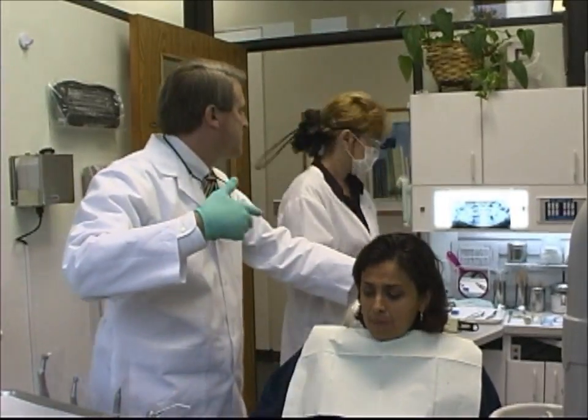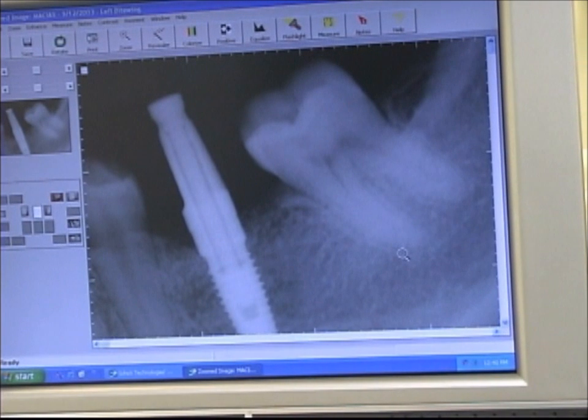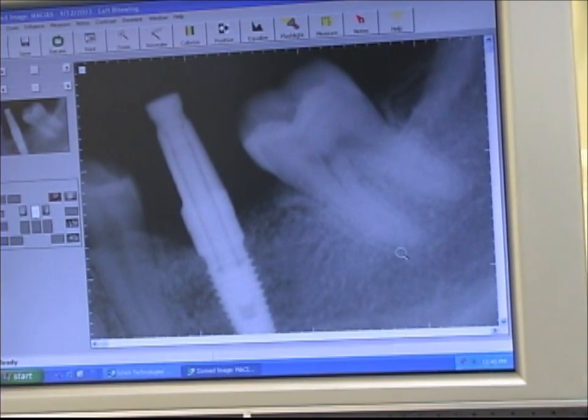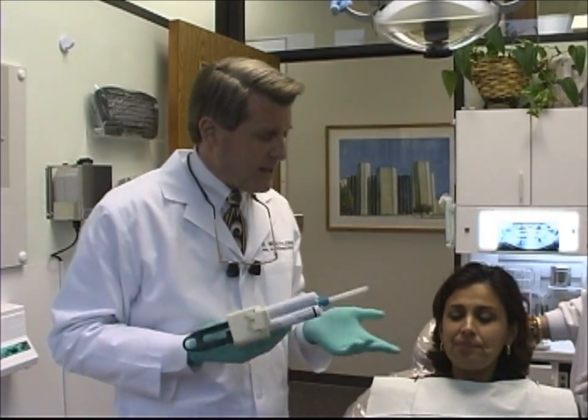Let's go ahead and take a conformational x-ray. We can see that our conformational x-ray indicates that our impression transfer post is completely seated. Whether or not this needs to be done with the internal design is a matter of opinion, but we like to do it, and some laboratories even require it before they would take on a case, especially if we're building from the fixture level. In addition to our upper alginate and lower full arch tray, we need to take a bite. Whether or not the lab decides to articulate the case by hand is a matter of their option.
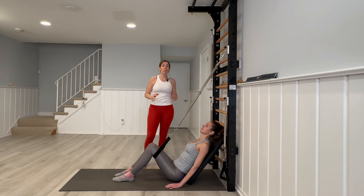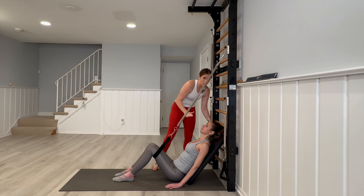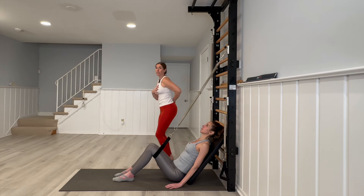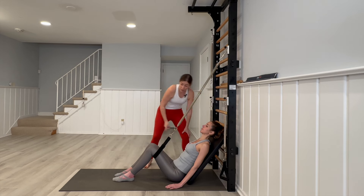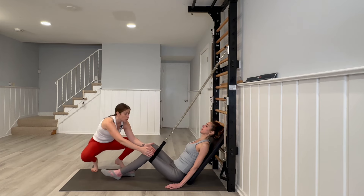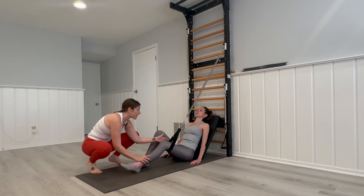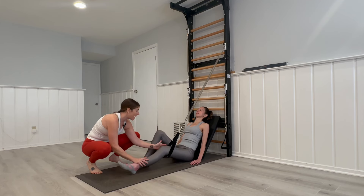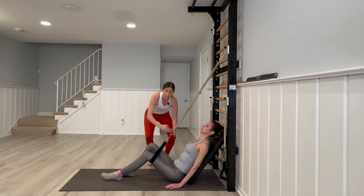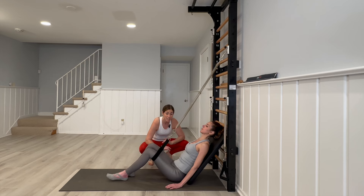Now we're going to look at terminal knee extension. I love this slant board here because, let's be honest, a lot of our clients can't sit upright getting their pelvis all the way around their leg. So we can have the hand supported and their body back on the board, then from there we'll have the strap behind the knee, asking the client to press down and slide the foot back in — so we can go down and up.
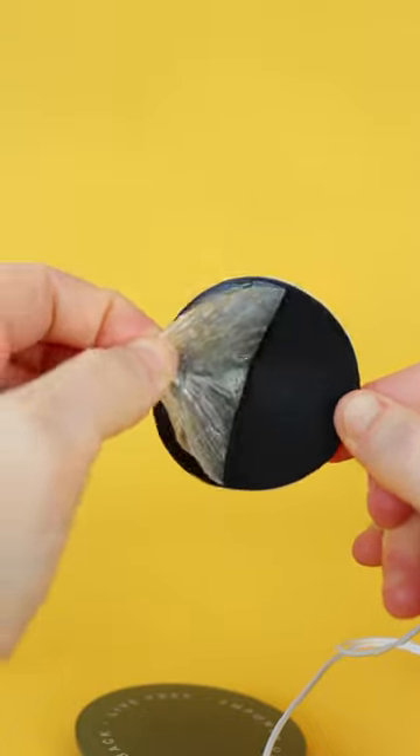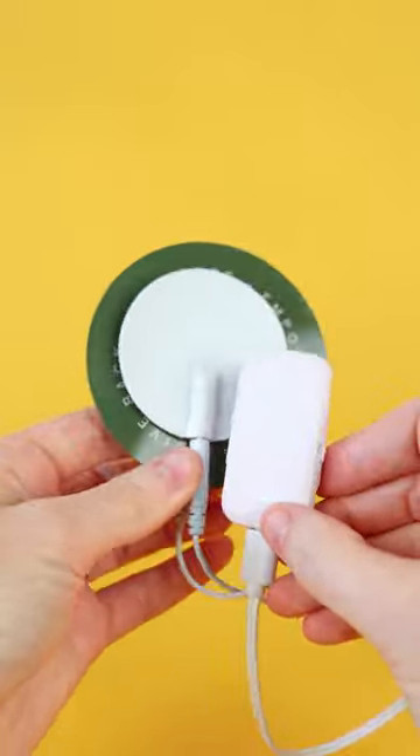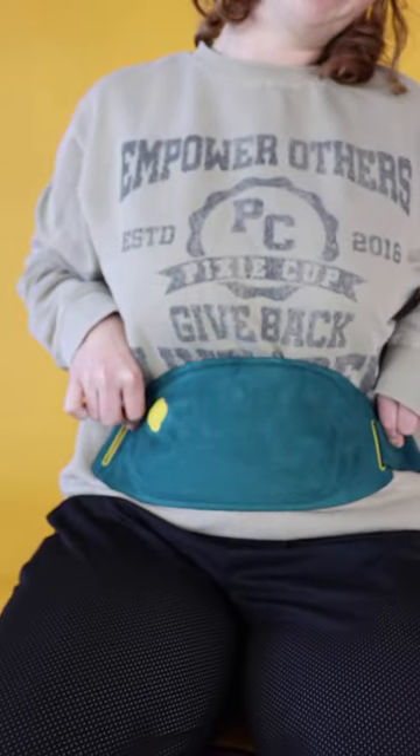The Pixie Pulse is a great way to soothe PMS symptoms like back pain, cramps, and even constipation. And unlike heating pads, it really is completely silent and discreet.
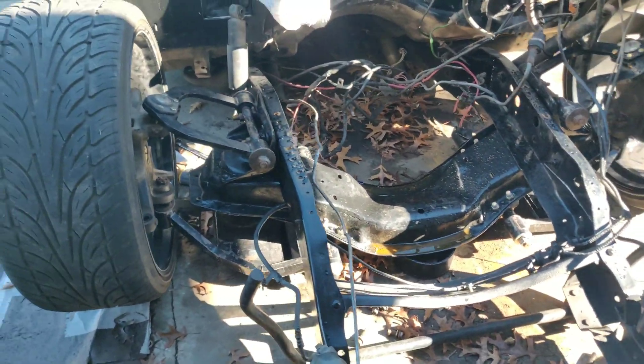Pretty happy with how it came out. There are little things here and there that I need to fix and work on, but as far as the big stuff goes the front half of the truck is just about finished. I mean, I've got to start putting it back together obviously, but yeah.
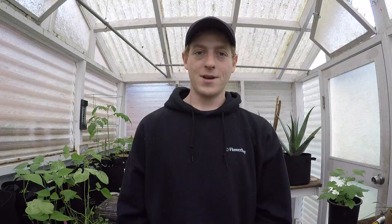Alright guys, that's how you take a clone. If this video helped you out, give me a like and subscribe for more organic gardening tips. Until next time, remember — think like nature. See you later. Bye.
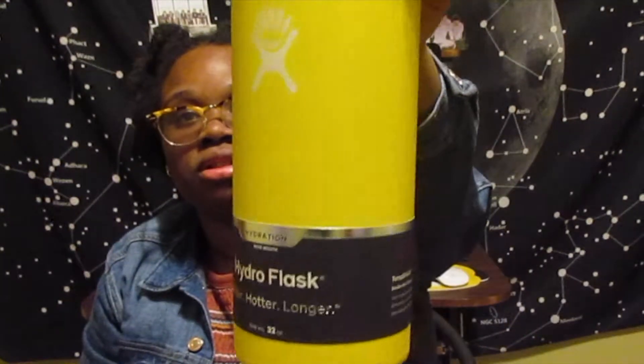This is what it looks like, guys. I got the 32 ounces, the yellow one. I said I got it from Hydro Flask — no I didn't, I was going to buy it off of HydroFlask.com but I bought it from Amazon instead. I got myself confused because I'm like, why does this come in an Amazon box? I originally was going to buy it off HydroFlask.com, but I changed my mind and bought it off Amazon.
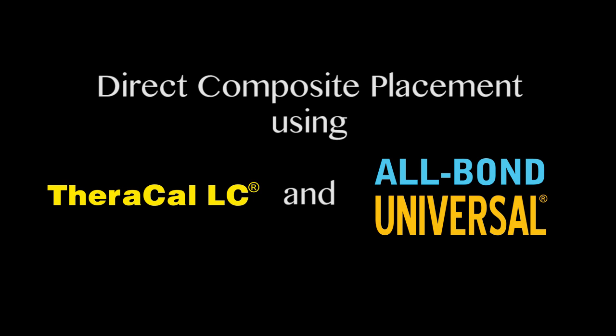A step-by-step technique is presented for a class 1 direct composite restoration using Theracal LC as a liner and All Bond Universal Dental Adhesive to ensure a durable bond and long-lasting restoration.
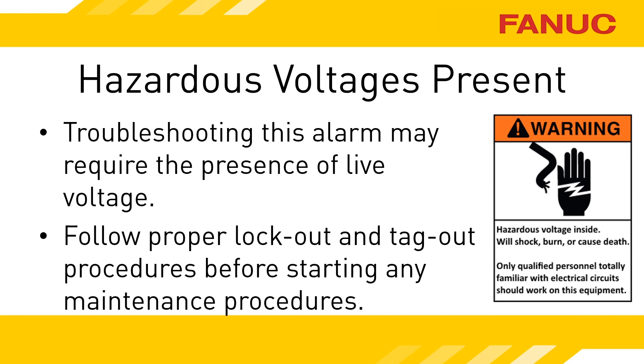Once you are done troubleshooting, and before performing any maintenance, follow all plant safety and lockout procedures. These procedures should include releasing all energies related to the maintenance procedure performed.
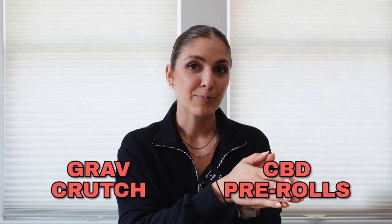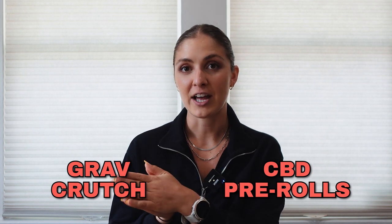What is up y'all, welcome back to the channel. Today we are talking about CBD pre-rolls and accompanying them with a Grav crutch. If you don't know what a crutch is, welcome to the video — we're going to talk through it and I'm going to show you exactly what it can do and how you can enhance your pre-roll experience.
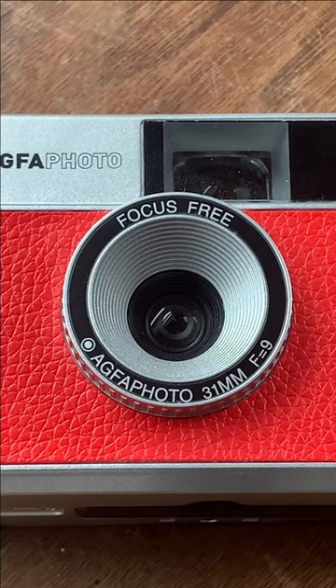Ho ho ho! This is the Agfifoto reusable 35mm film camera. It's got a 31mm f9 lens and a flash that runs on one AAA battery. Focus is from one meter to infinity and it gives you pictures like this.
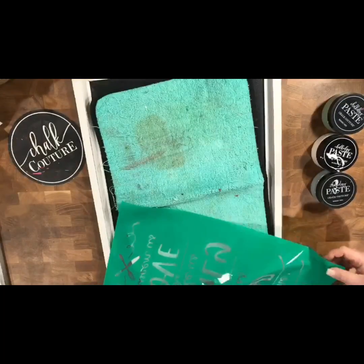First things first, I went ahead and fuzzed up this transfer so that way it wasn't crazy sticky on my surface. And then I went ahead and I stirred up my chalk paste, I grabbed out my squeegees, and now we are going to get ready to start the chalking.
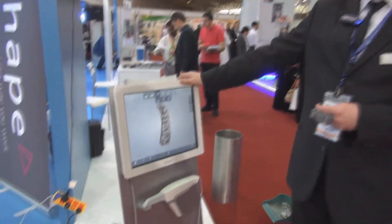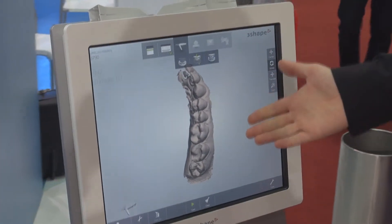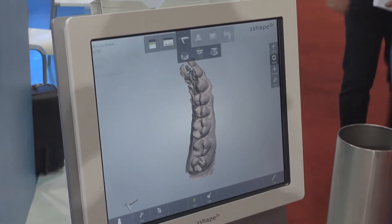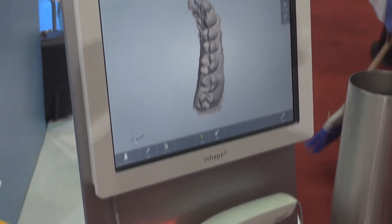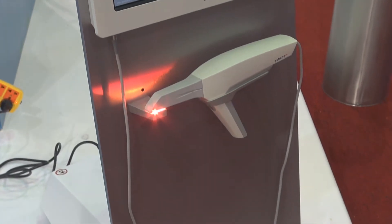We have first our dentist scanner — it's an intraoral scanner for making digital impressions. So the traditional way of making impressions can be changed to do it digitally the whole way through. We also have a solution for dental technicians and a lab scanner.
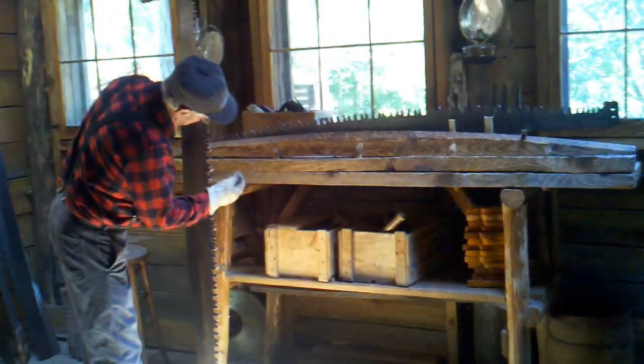Anybody like to try out a crosscut saw? I have a lot of firewood to cut. Let's go outside and we'll see how it goes.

——————————

Work task =>
Using the entries above, repeat exactly the lines from the one with "Pretty happy with" to the one with "What is up y'all, welcome", both included, and leave the pictures behind.

Solution for this exercise =>
Pretty happy with how it came out. There are little things here and there that I need to fix and work on, but as far as the big stuff goes the front half of the truck is just about finished. I mean, I've got to start putting it back together obviously, but yeah.
Alright guys, that's how you take a clone. If this video helped you out, give me a like and subscribe for more organic gardening tips. Until next time, remember — think like nature. See you later. Bye.
This is what it looks like, guys. I got the 32 ounces, the yellow one. I said I got it from Hydro Flask — no I didn't, I was going to buy it off of HydroFlask.com but I bought it from Amazon instead. I got myself confused because I'm like, why does this come in an Amazon box? I originally was going to buy it off HydroFlask.com, but I changed my mind and bought it off Amazon.
A step-by-step technique is presented for a class 1 direct composite restoration using Theracal LC as a liner and All Bond Universal Dental Adhesive to ensure a durable bond and long-lasting restoration.
Once you are done troubleshooting, and before performing any maintenance, follow all plant safety and lockout procedures. These procedures should include releasing all energies related to the maintenance procedure performed.
What is up y'all, welcome back to the channel. Today we are talking about CBD pre-rolls and accompanying them with a Grav crutch. If you don't know what a crutch is, welcome to the video — we're going to talk through it and I'm going to show you exactly what it can do and how you can enhance your pre-roll experience.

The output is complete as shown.